A Política por Inteiro também apurou o avanço da pecuária no Acre e identificou que o rebanho cresce em proporção superior à população humana em Jordão (AC), município que ocupa o 4º lugar no ranking de áreas protegidas, caracterizada por concentrar terras indígenas e reservas extrativistas. Na contramão dessa identidade, o município promulgou a Lei  nº10 de 7 de junho que autoriza a utilização da marca como elemento destinado a salvaguardar o direito à propriedade do gado. A preocupação é que a legislação municipal funcione como um atrativo para que a pecuária se instale com ainda mais intensidade na região. O gráfico mostra o crescimento da população de gado versus população humana nos últimos anos.

Ainda no mesmo Acre, foi proposto o Projeto de Lei nº 89 de 2022 que ratifica o protocolo de intenções firmado entre 23 estados para a constituição do consórcio interestadual com o objetivo de promover o enfrentamento das mudanças climáticas no país. Caso o número de ratificações previsto no Protocolo de Intenções seja atingido, o PL se transforma em um Contrato de Consórcio Público e cria a autarquia interfederativa Consórcio Interestadual Sobre o Clima – Brasil Verde. Uma das competências do Consórcio é atuar no desenvolvimento de políticas públicas que contribuam para que o Brasil cumpra os compromissos climáticos assumidos internacionalmente.

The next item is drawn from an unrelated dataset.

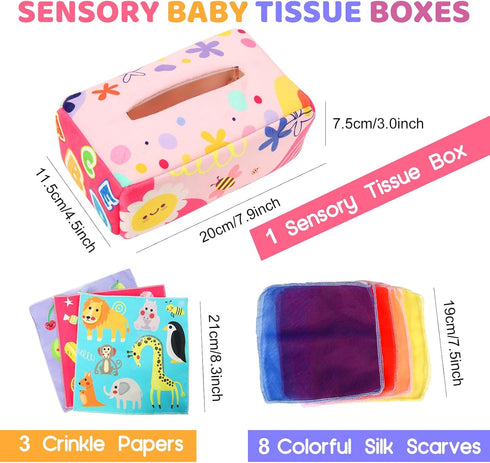 Baby Toys for 6 to 12 Months, Montessori Tissue Box Toys, Soft High Contrast Crinkle Infant Sensory Gifts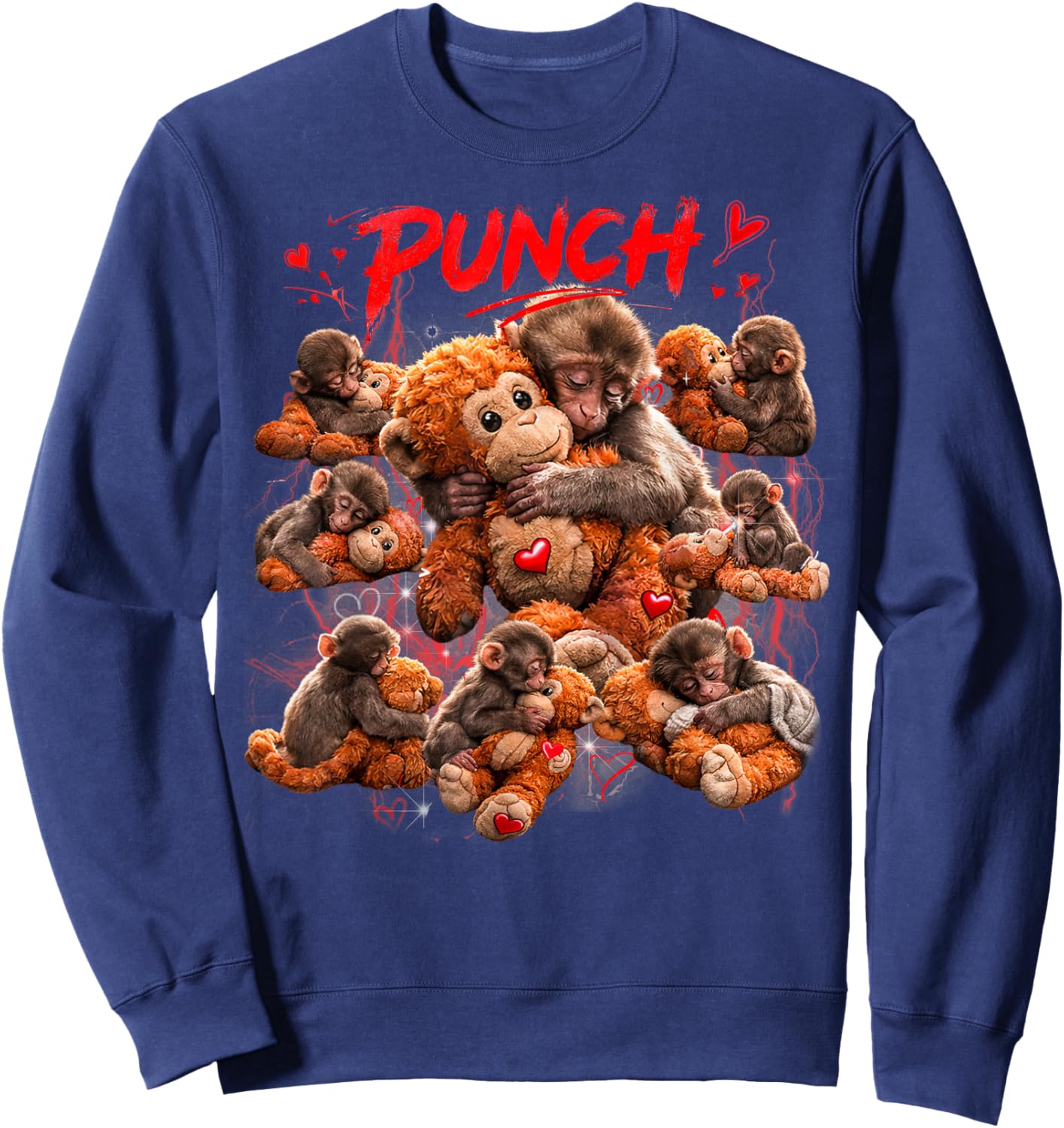 Cute Monkey Punch Sweatshirt - Sweatshirt | Navy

Confira também as normas federais captadas pela Política Por Inteiro relacionadas à Amazônia

Portaria MJSP Nº 99, De 9 De Junho De 2022  Força Nacional de Segurança Pública em apoio ao Estado do Amazonas
 Resolução Nº 11, De 25 De Março De 2022  Cria a Câmara Consultiva Temática para qualificar os dados de desmatamento e incêndios florestais.
 Portaria FUNAI Nº 529, De 21 De Junho De 2022  Prorroga a restrição de ingresso, locomoção e permanência de pessoas estranhas aos quadros da Funai na área denominada Terra Indígena Ituna-Itatá, localizada nos municípios de Altamira e Senador José Porfírio, Estado do Pará.
 Portaria FUNAI Nº 522, De 2 De Junho De 2022 Prorroga a restrição de ingresso, locomoção e permanência de pessoas estranhas aos quadros da Funai, na área da Terra Indígena Pirititi.
 Portaria Nº 105, De 28 De Junho De 2022  Dispõe sobre o emprego da Força Nacional de Segurança Pública em apoio à Fundação Nacional do Índio, na Terra Indígena Alto Rio Guamá, no Estado do Pará.